> **Exercise requirements**:
Please make sure what you return matches the listing below exactly, minus its pictures.

> **Dataset excerpt**:
■ ■ ■ ■ ■ ■ ■

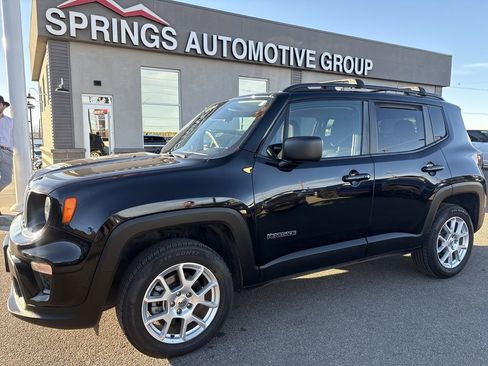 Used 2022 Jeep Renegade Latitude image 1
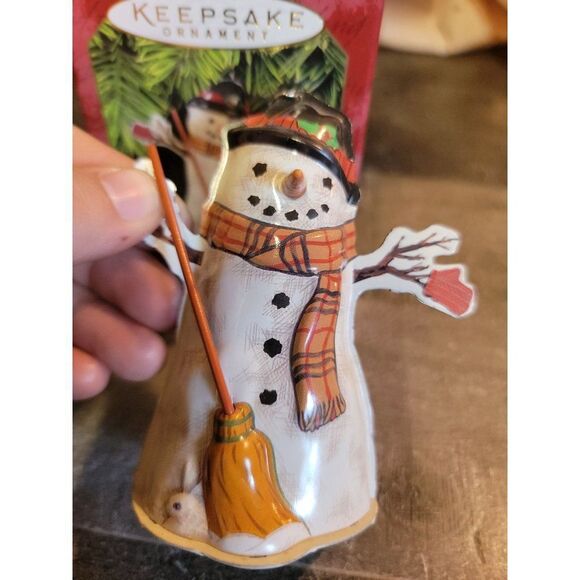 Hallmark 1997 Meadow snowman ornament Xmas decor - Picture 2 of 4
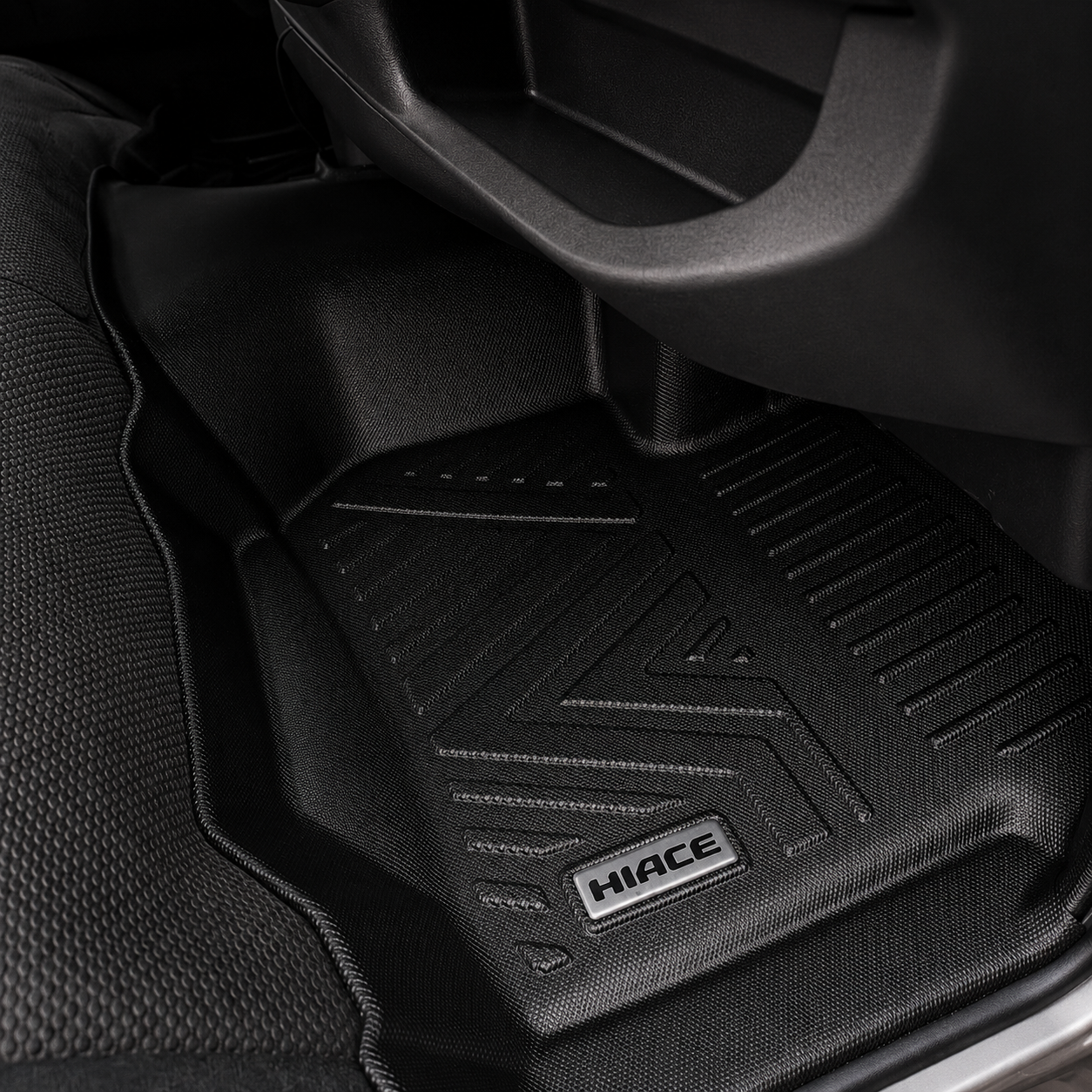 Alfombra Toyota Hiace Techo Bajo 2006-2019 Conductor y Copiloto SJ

■ ■ ■ ■ ■ ■ ■

> **Answer below**:
 Used 2022 Jeep Renegade Latitude image 1
 Hallmark 1997 Meadow snowman ornament Xmas decor - Picture 2 of 4
 Alfombra Toyota Hiace Techo Bajo 2006-2019 Conductor y Copiloto SJ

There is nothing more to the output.